## Task details
Exactly retype the lines from the top of the data through the line containing "The New Carnival", leaving out every picture.

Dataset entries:
# # # # # # #
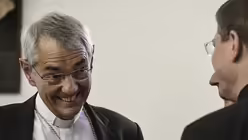 Verschmitzt: Bambergs Erzbischof Ludwig Schick / &copy; Harald Oppitz (KNA)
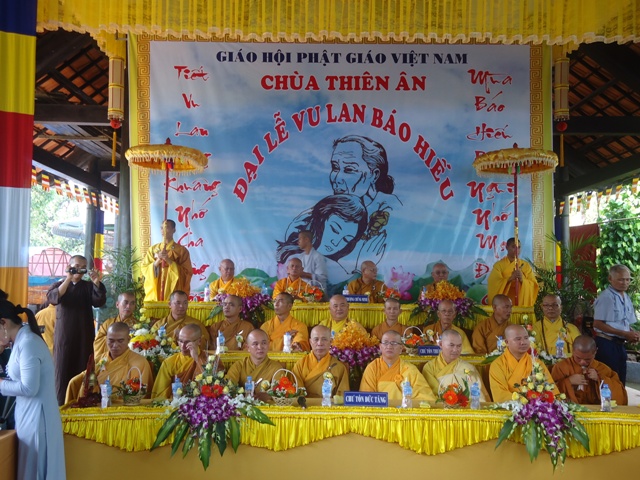 Đại Lễ Vu Lan - Trai đàn Giản oan Bạt độ Chùa Thiên Ân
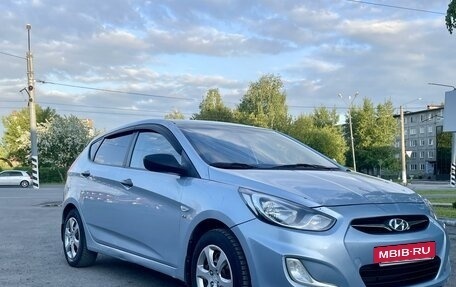 Hyundai Solaris II рестайлинг, 2011 год, 750 000 рублей, 2 фотография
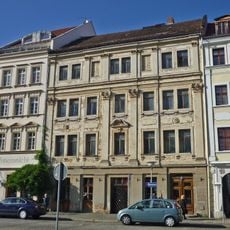 Wohnhaus in geschlossener Bebauung, mit winkligem Hintergebäude Obermarkt 26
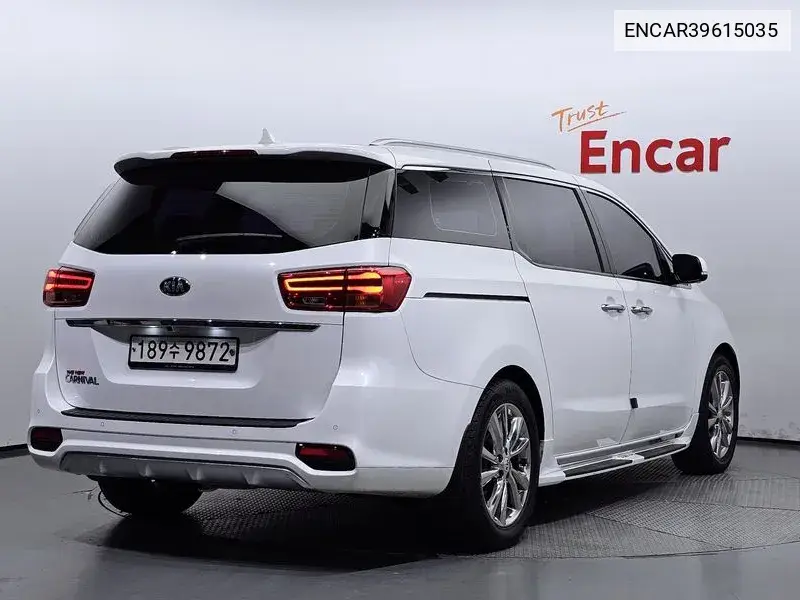 The New Carnival 9 -Seater Noblesse VIN: ENCAR39615035 Lot: 39615035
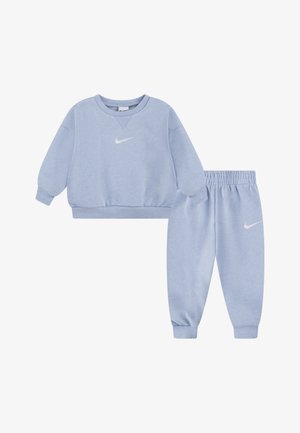 Svijetloplavi Nike dukserica i odgovarajuće trenirke. Mekani materijal, rebraste manžete i pojas. Bijeli Nike logo na prednjem dijelu dukserice.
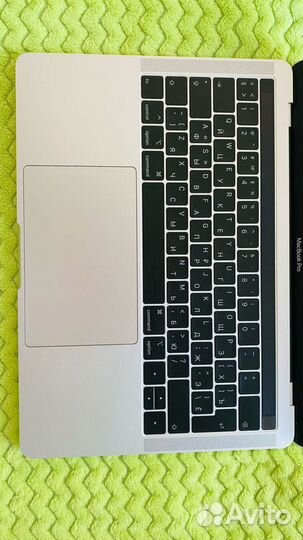 Apple MacBook Pro 2018 с touchbar 256 gb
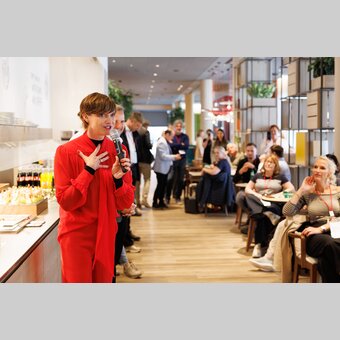 Astrid Steharnig-Staudinger (Geschäftsführerin Österreich Werbung) begrüßt Reiseveranstalter aus dem CEE-Raum im Rahmen der Austria Destination Experience. | © Österreich Werbung | Erwin Scheriau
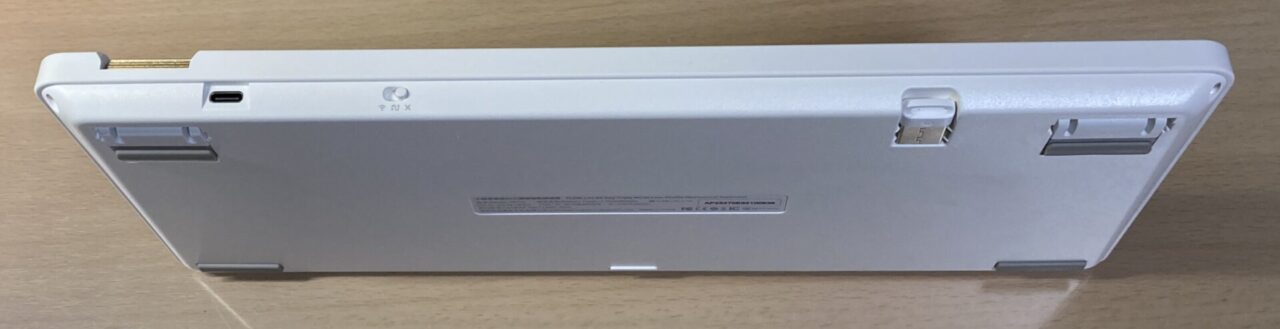 Lofree Flow Lite 84の背面。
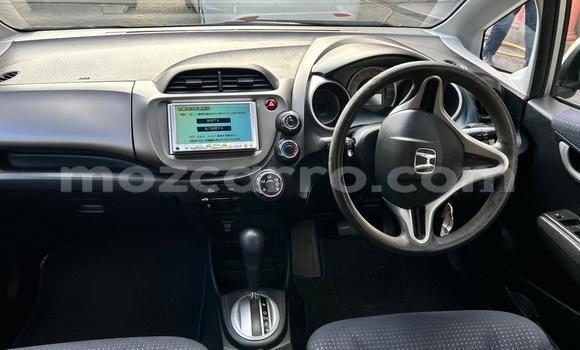 Comprar Usado Honda Fit Prata Carro em Maputo em Maputo Comprar Usado Honda Fit Prata Carro em Maputo em Maputo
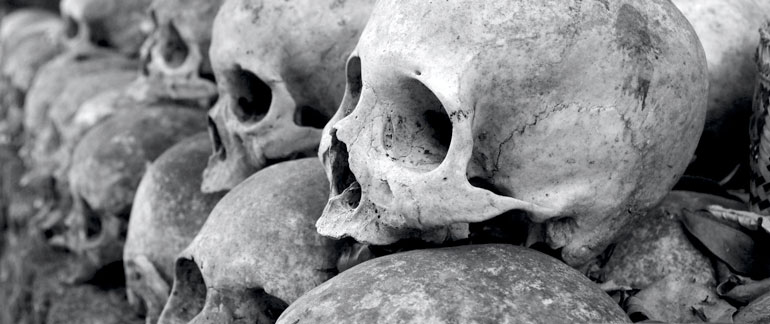 Read more about the article Meaning of “Let the Dead Bury the Dead”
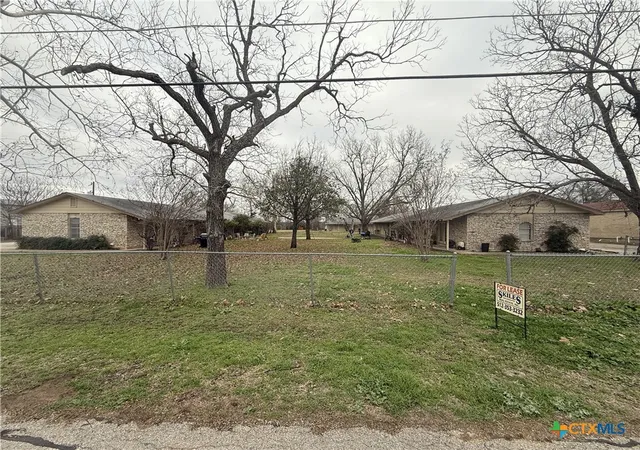 Homes for sale in Martindale, TX | 200 220 Quail Run Rd, Martindale, TX 78655 | MLS# 609696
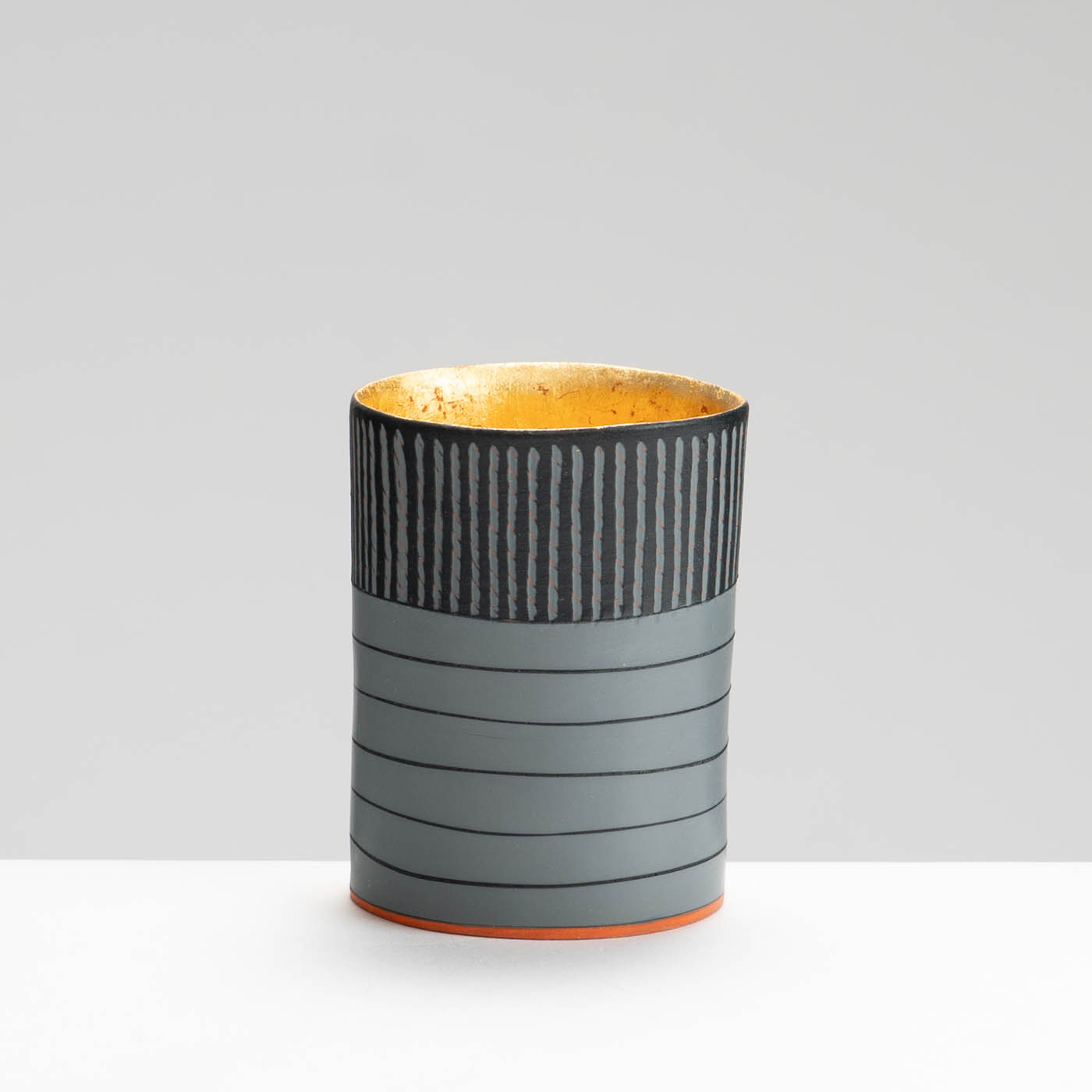 LS345Y772 Small Charcoal Vessel with 23ct Gold Interior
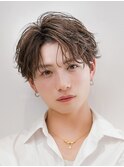 ツーブロックナチュラルダウンパーマシースルーマッシュ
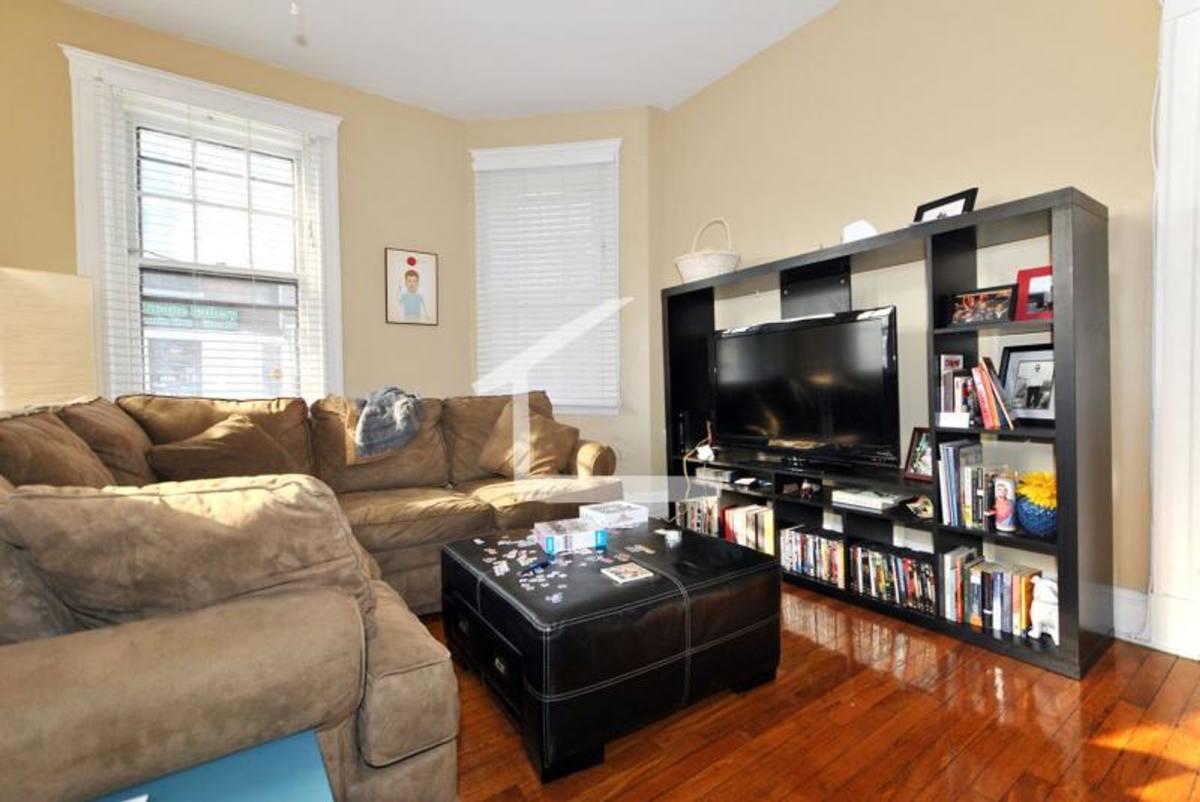 Townhouse for rent at 315 Allston St #4, Brighton, MA 02135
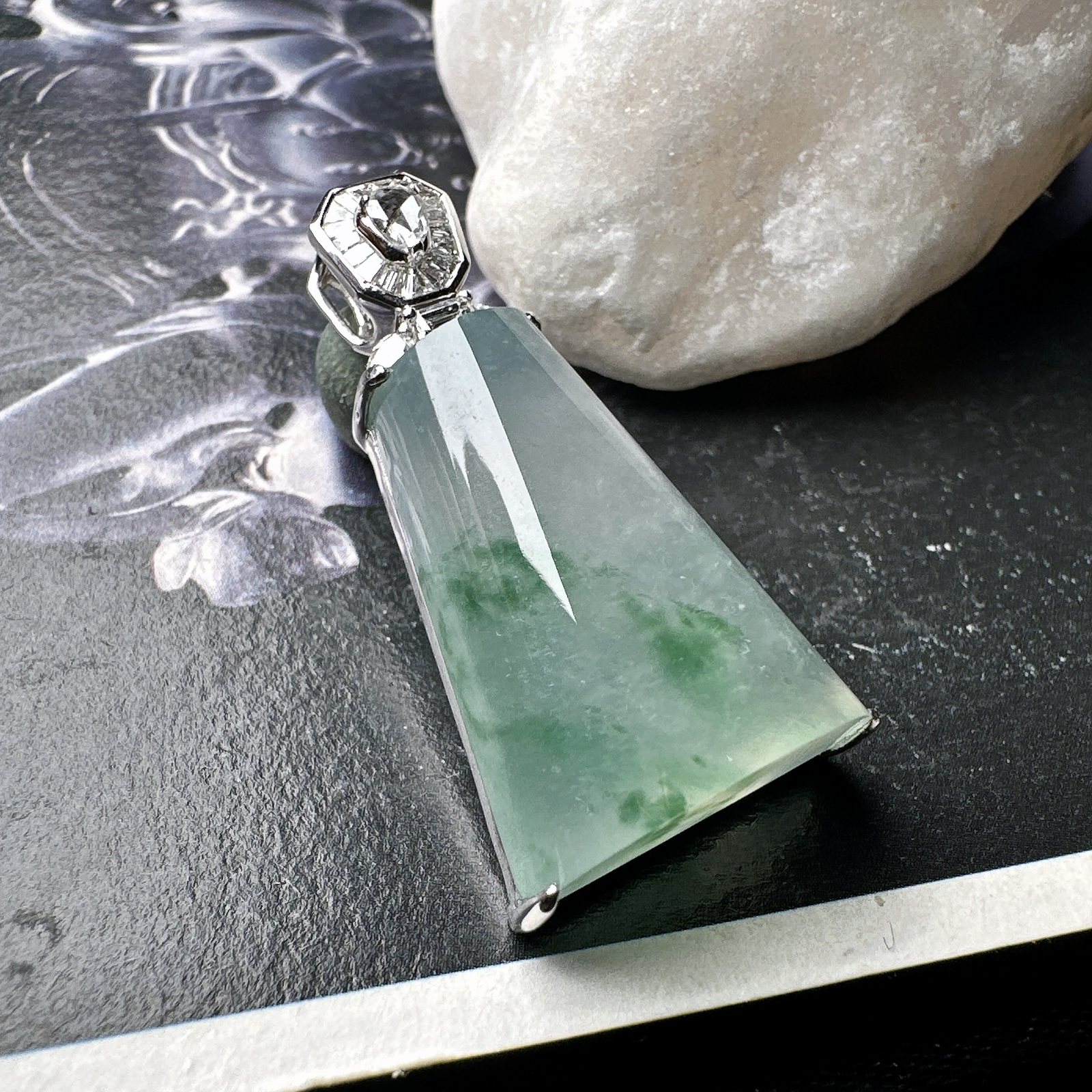 【冰种飘花无事柱】精品，种水上乘，通透闪亮，晶莹剔透。18K金钻镶嵌，裸石尺寸19.8*14.7*7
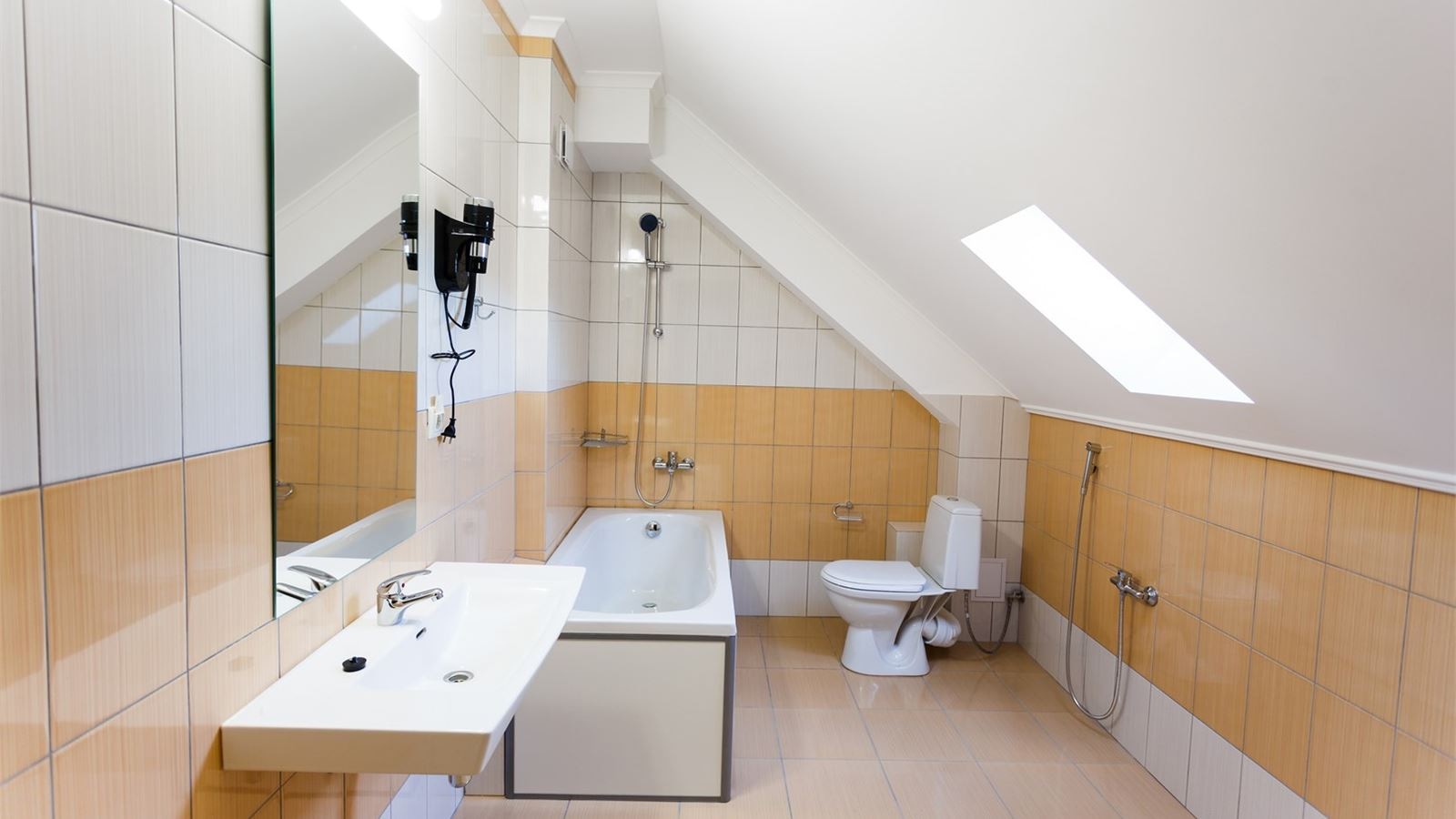 rooms-двухместный-двухкомнатный-номер-i-категории-комфорт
# # # # # # #
## Answer for the task
 Verschmitzt: Bambergs Erzbischof Ludwig Schick / &copy; Harald Oppitz (KNA)
 Đại Lễ Vu Lan - Trai đàn Giản oan Bạt độ Chùa Thiên Ân
 Hyundai Solaris II рестайлинг, 2011 год, 750 000 рублей, 2 фотография
 Wohnhaus in geschlossener Bebauung, mit winkligem Hintergebäude Obermarkt 26
 The New Carnival 9 -Seater Noblesse VIN: ENCAR39615035 Lot: 39615035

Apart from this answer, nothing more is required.